__Work task__
In the material below, find the line containing "Ebony Wood Rosewood" and output it and all lines after it exactly, through the last one, without the pictures.

__Exercise data__
+++++
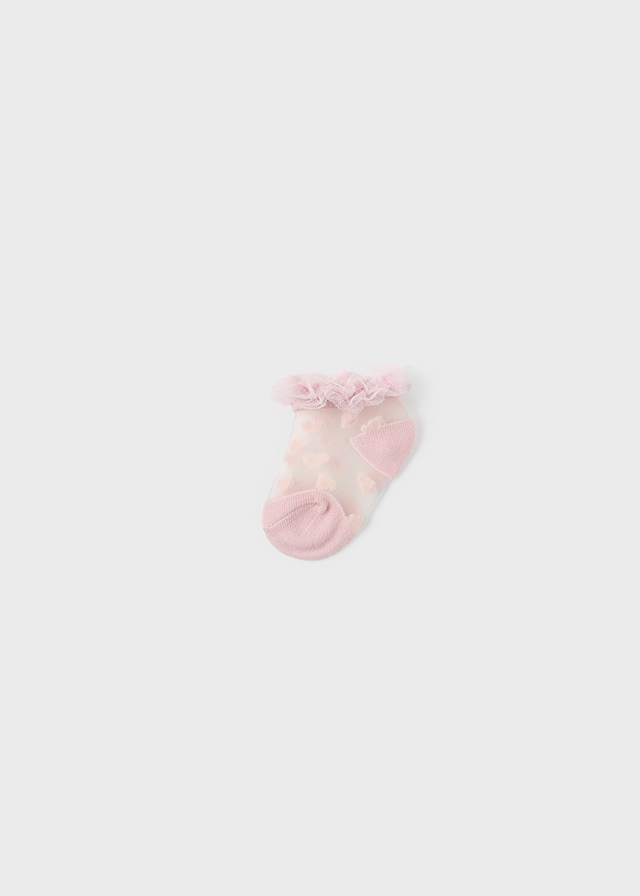 Ponožky s průsvitnou částí srdíčka světle růžové NEWBORN Mayoral velikost: 86 (18 měsíců)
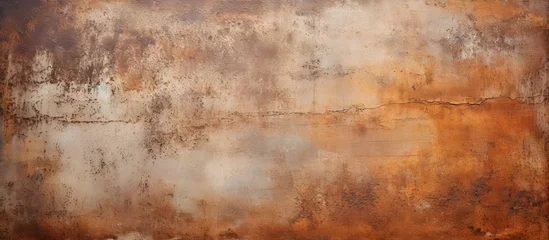 Fotobehang Rusty metal wall showcasing a weathered surface juxtaposed with a clean, white wall in the background © Ilgun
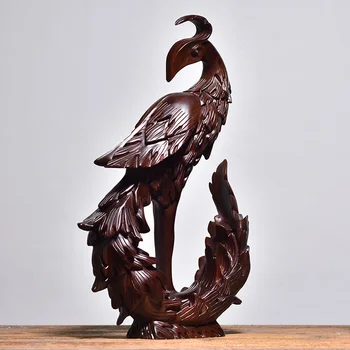 

Ebony Wood Rosewood Carving Sculpture Phoenix Statue Living Room Office Decoration Crafts Animal Home Decor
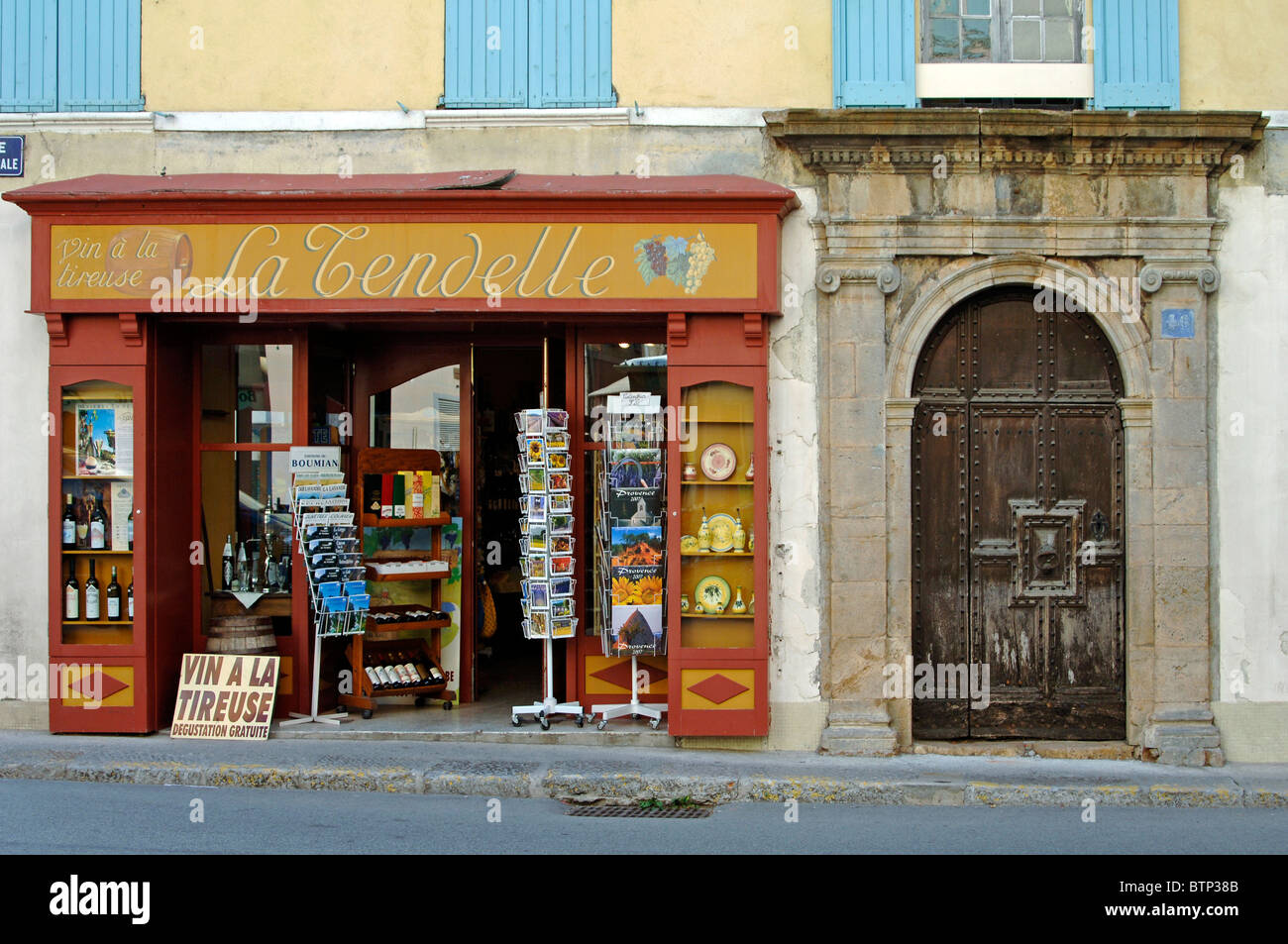 Souvenir Shop, Gift Shop, Shopfront or Store in Castellane Alpes-de-Haute-Provence France Stock Photo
+++++
__The answer__
Ebony Wood Rosewood Carving Sculpture Phoenix Statue Living Room Office Decoration Crafts Animal Home Decor
 Souvenir Shop, Gift Shop, Shopfront or Store in Castellane Alpes-de-Haute-Provence France Stock Photo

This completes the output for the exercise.